==== Input material
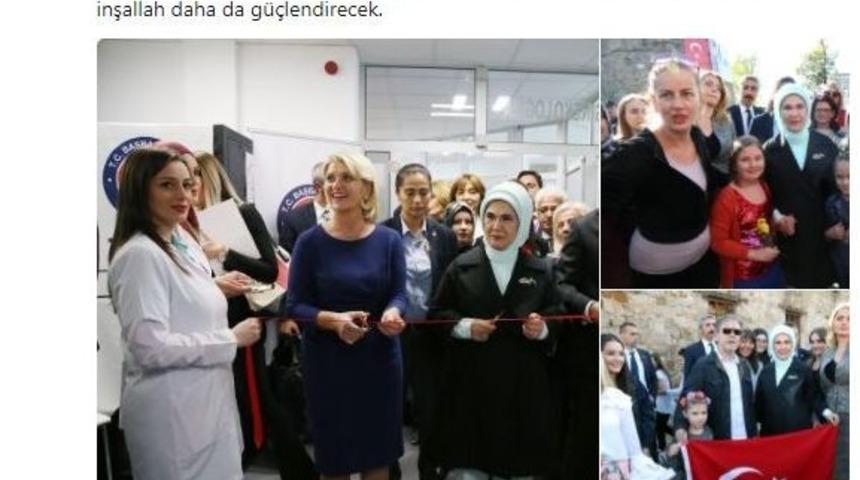 Emine Erdoğan Twitter&rsquo;dan İlk Paylaşımını Yaptı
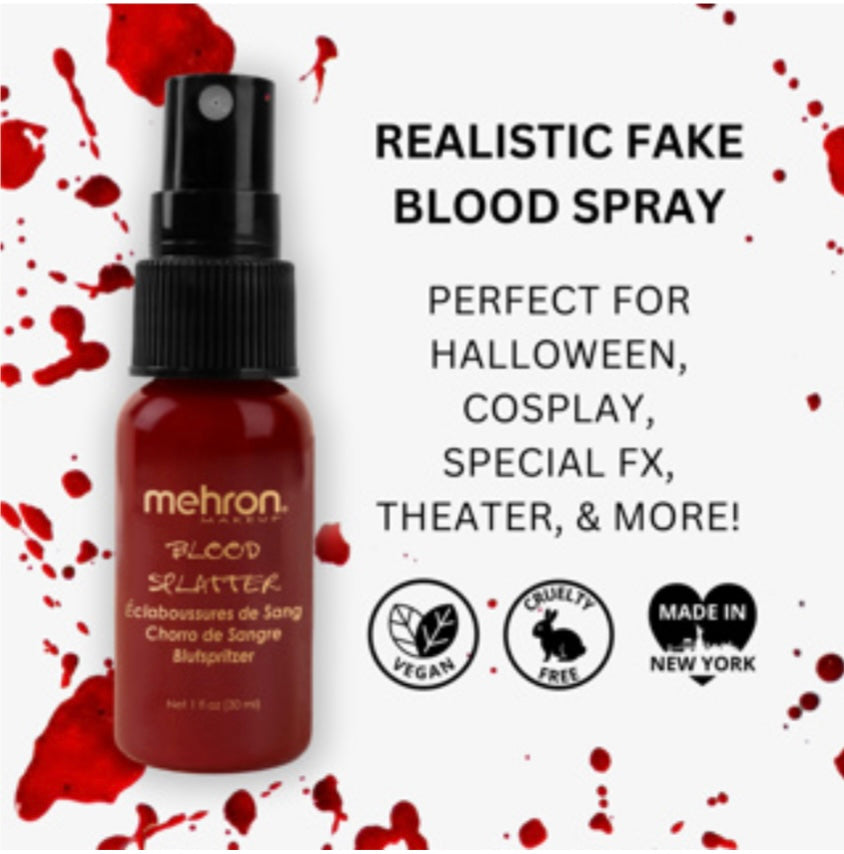 Blood Splatter Pump Bottle 30mls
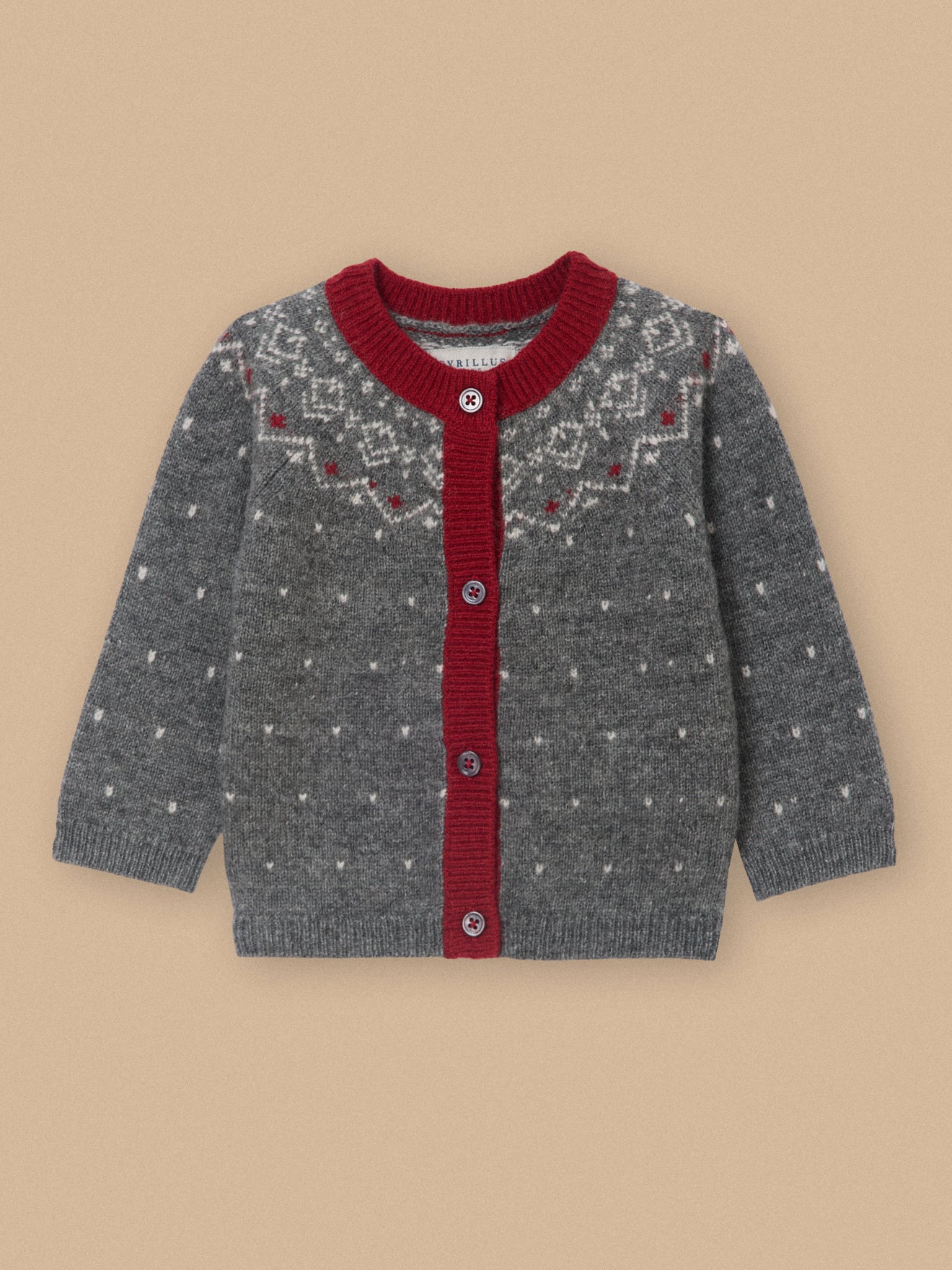 Baby's jacquard cardigan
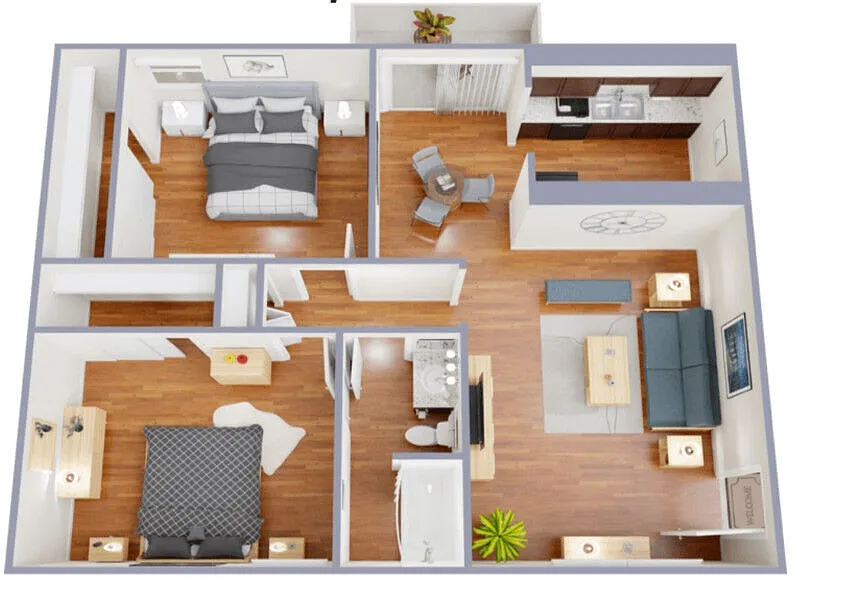Floor plan B1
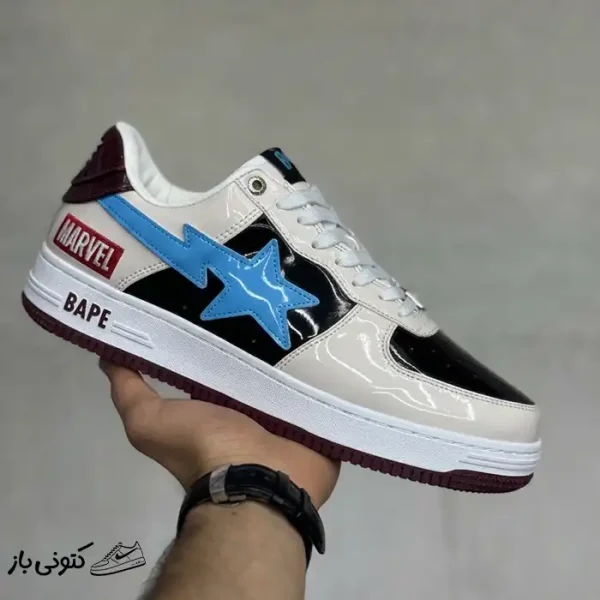 کتونی خارجی مردانه بیپ استا مارول راکت راکون Bape Sta Marvel Rocket Raccoon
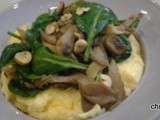 Polenta aux champignons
========
Retype, please, exactly the lines that begin with the one containing "Floor plan B1" and end at the last line of the entries above, both included, leaving out pictures.

Floor plan B1
 کتونی خارجی مردانه بیپ استا مارول راکت راکون Bape Sta Marvel Rocket Raccoon
 Polenta aux champignons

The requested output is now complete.